TRY IT: Write out every record below exactly as it stands, leaving the pictures out.
[GIVEN RECORDS]
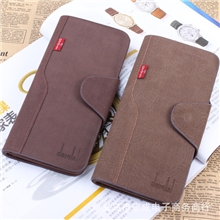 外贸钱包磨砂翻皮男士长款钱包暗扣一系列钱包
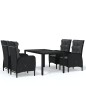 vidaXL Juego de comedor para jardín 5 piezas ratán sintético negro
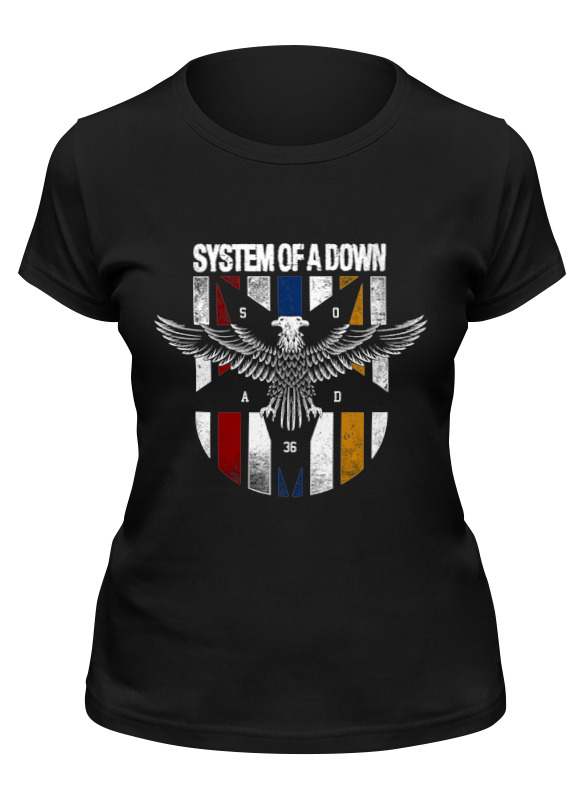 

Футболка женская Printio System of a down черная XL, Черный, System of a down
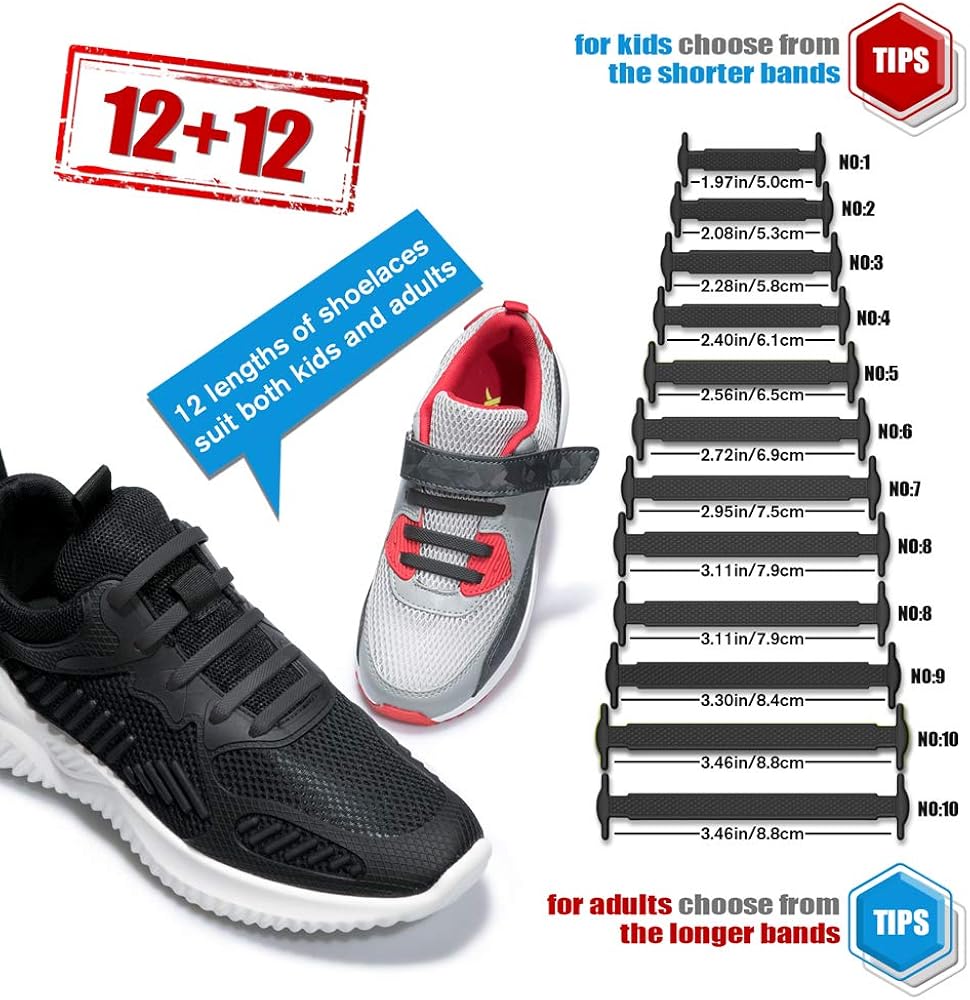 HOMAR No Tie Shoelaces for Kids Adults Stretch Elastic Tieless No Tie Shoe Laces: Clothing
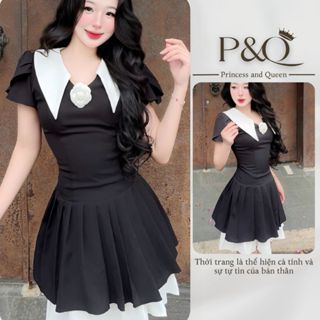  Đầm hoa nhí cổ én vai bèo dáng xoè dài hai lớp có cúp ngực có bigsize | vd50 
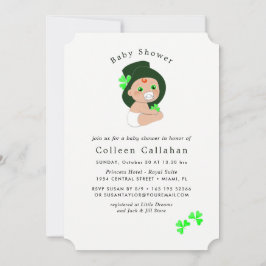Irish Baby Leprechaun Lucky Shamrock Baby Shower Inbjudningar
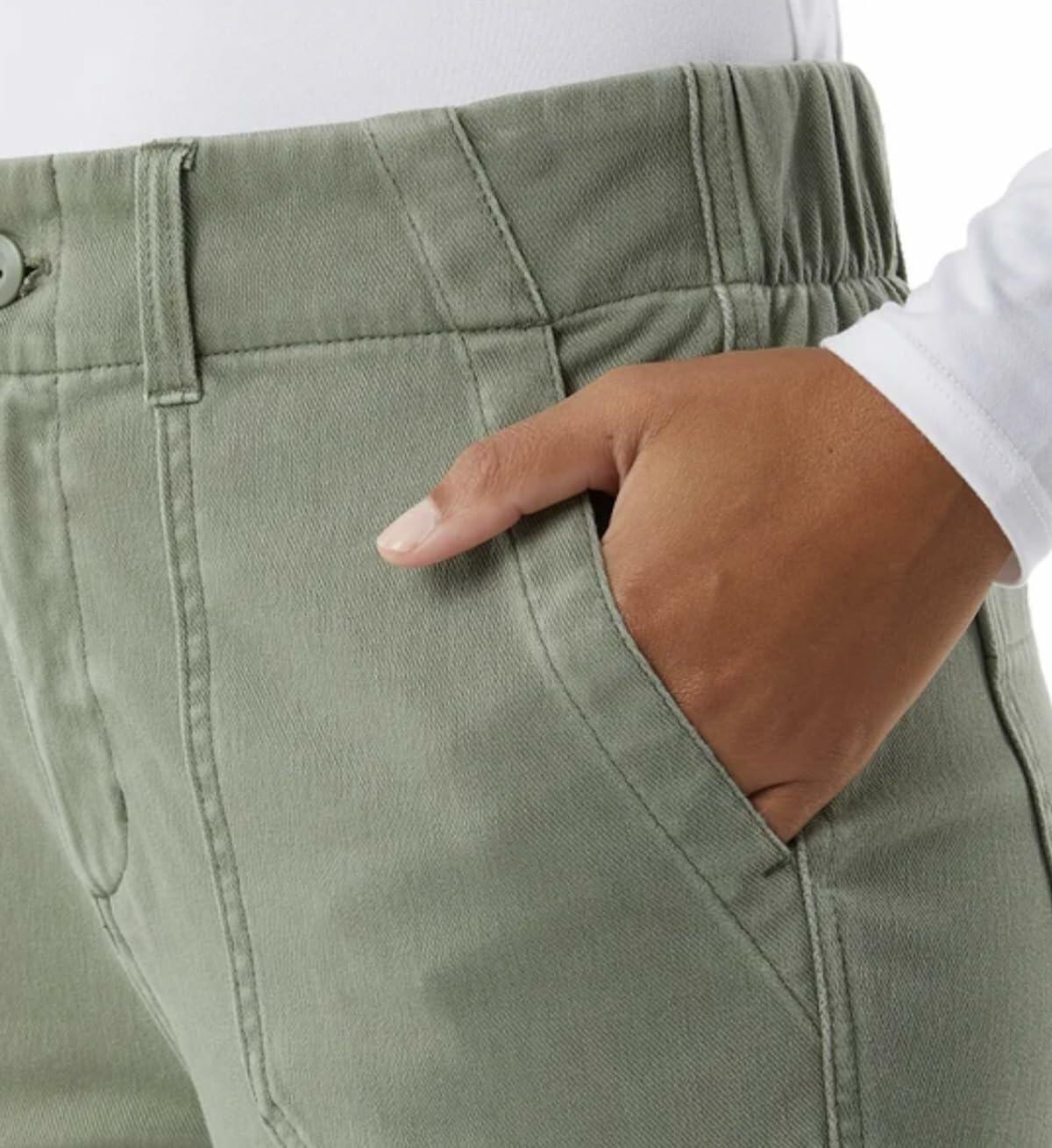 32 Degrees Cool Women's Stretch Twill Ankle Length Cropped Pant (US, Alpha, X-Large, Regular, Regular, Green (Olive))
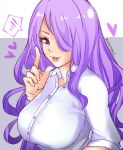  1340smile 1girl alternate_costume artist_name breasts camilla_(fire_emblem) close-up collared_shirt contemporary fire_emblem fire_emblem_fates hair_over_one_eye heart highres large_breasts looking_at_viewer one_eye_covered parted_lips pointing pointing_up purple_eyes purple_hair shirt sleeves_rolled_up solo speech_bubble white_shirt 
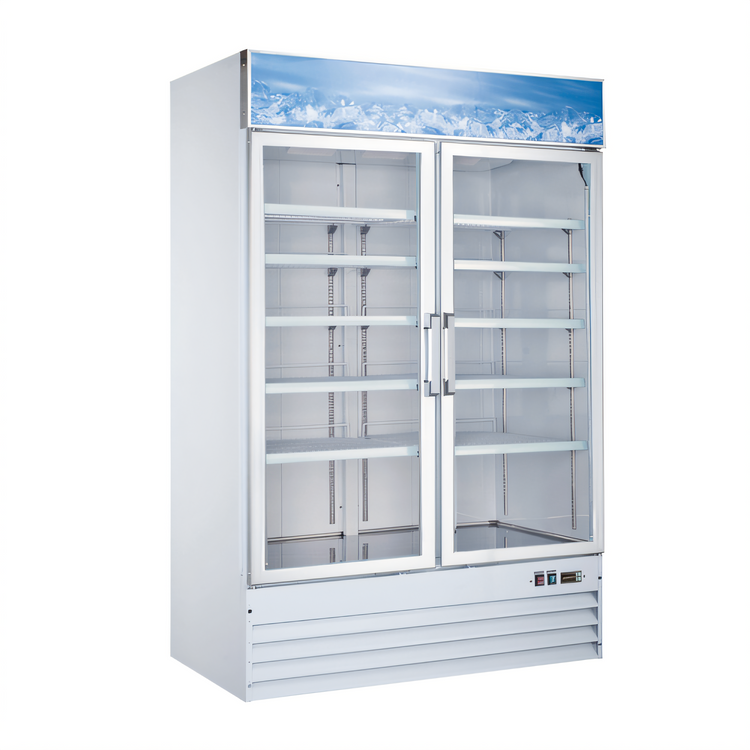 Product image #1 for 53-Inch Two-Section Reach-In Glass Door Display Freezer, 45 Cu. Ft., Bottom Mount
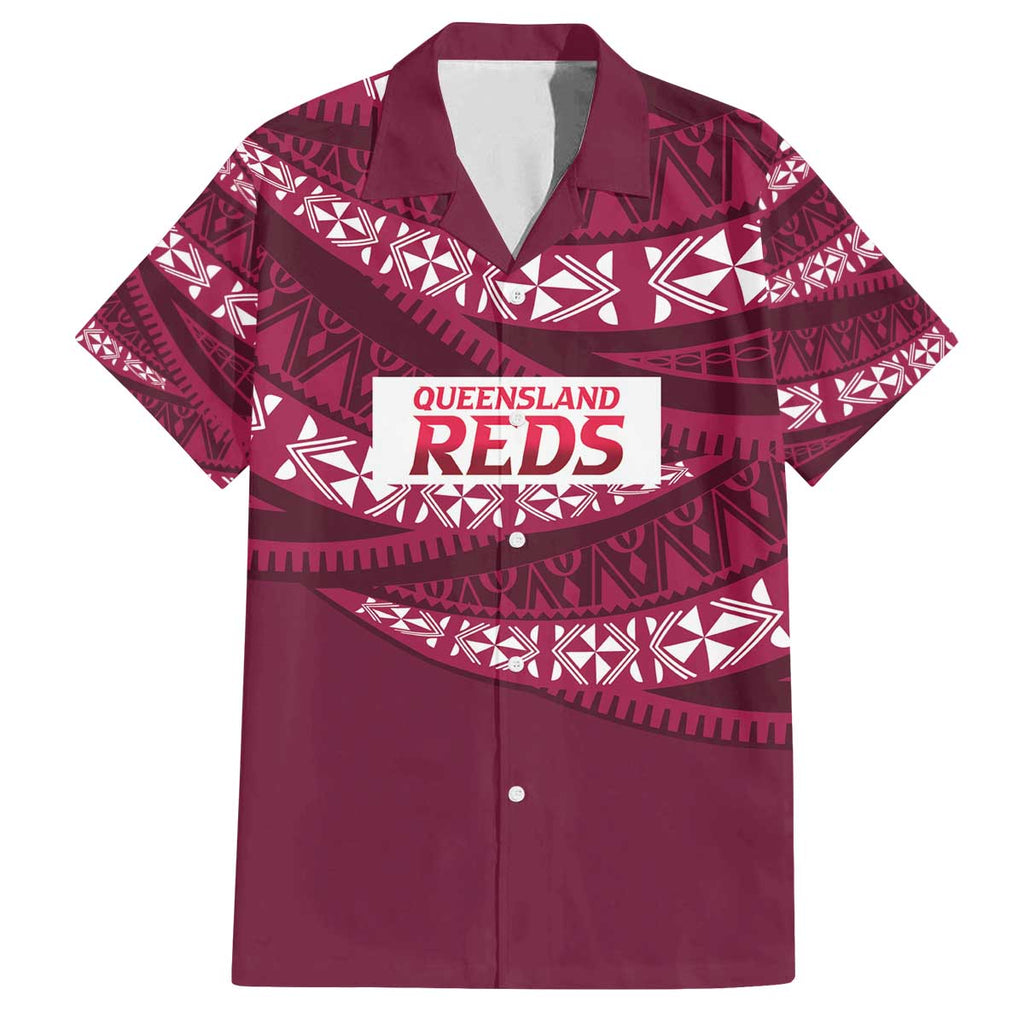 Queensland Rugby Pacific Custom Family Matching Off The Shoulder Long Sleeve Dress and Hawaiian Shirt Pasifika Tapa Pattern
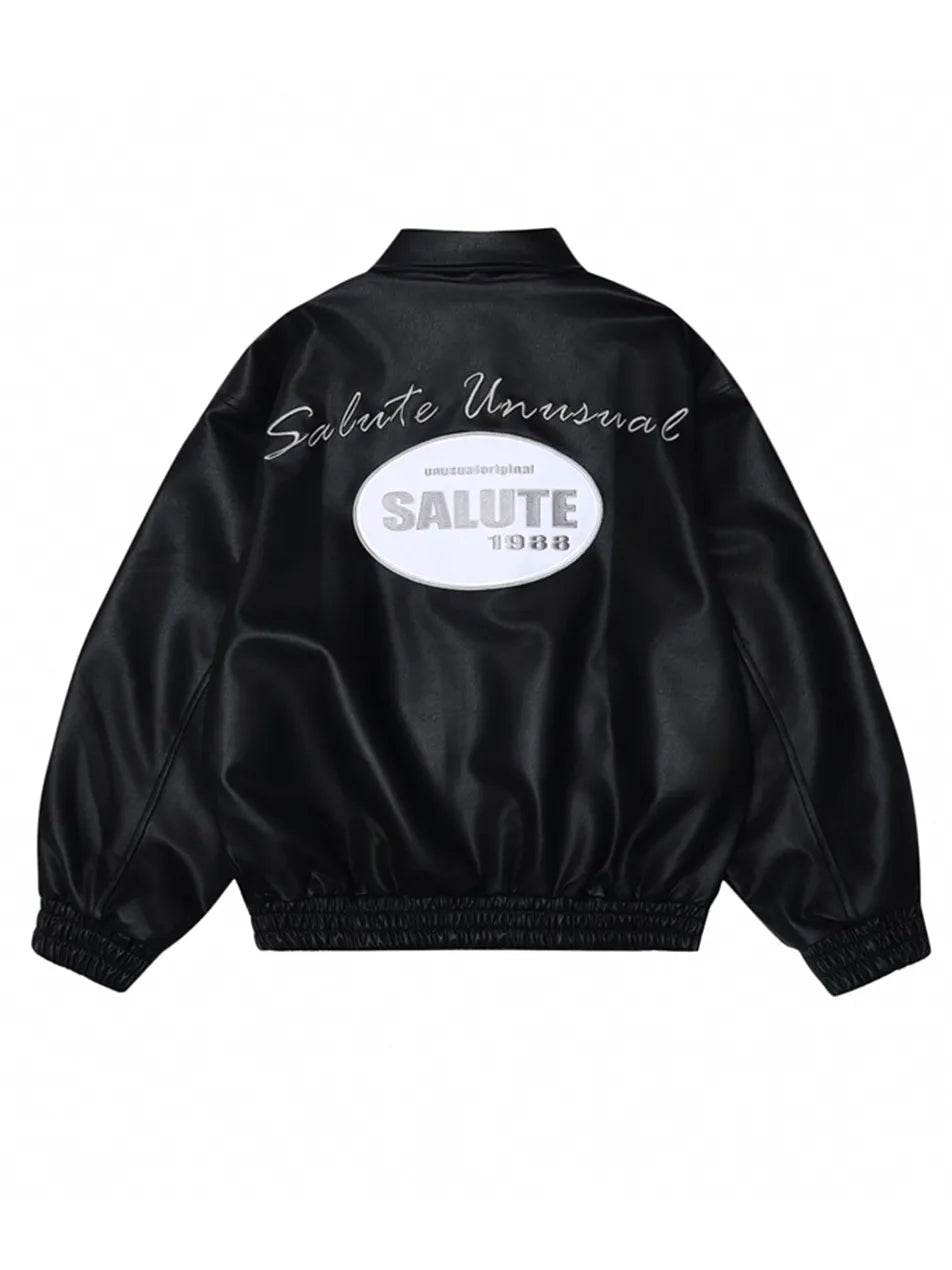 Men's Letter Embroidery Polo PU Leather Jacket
[/GIVEN RECORDS]
TASK OUTPUT:
 外贸钱包磨砂翻皮男士长款钱包暗扣一系列钱包
 vidaXL Juego de comedor para jardín 5 piezas ratán sintético negro

Футболка женская Printio System of a down черная XL, Черный, System of a down
 HOMAR No Tie Shoelaces for Kids Adults Stretch Elastic Tieless No Tie Shoe Laces: Clothing
  Đầm hoa nhí cổ én vai bèo dáng xoè dài hai lớp có cúp ngực có bigsize | vd50 
Irish Baby Leprechaun Lucky Shamrock Baby Shower Inbjudningar
 32 Degrees Cool Women's Stretch Twill Ankle Length Cropped Pant (US, Alpha, X-Large, Regular, Regular, Green (Olive))
  1340smile 1girl alternate_costume artist_name breasts camilla_(fire_emblem) close-up collared_shirt contemporary fire_emblem fire_emblem_fates hair_over_one_eye heart highres large_breasts looking_at_viewer one_eye_covered parted_lips pointing pointing_up purple_eyes purple_hair shirt sleeves_rolled_up solo speech_bubble white_shirt 
 Product image #1 for 53-Inch Two-Section Reach-In Glass Door Display Freezer, 45 Cu. Ft., Bottom Mount
 Queensland Rugby Pacific Custom Family Matching Off The Shoulder Long Sleeve Dress and Hawaiian Shirt Pasifika Tapa Pattern
 Men's Letter Embroidery Polo PU Leather Jacket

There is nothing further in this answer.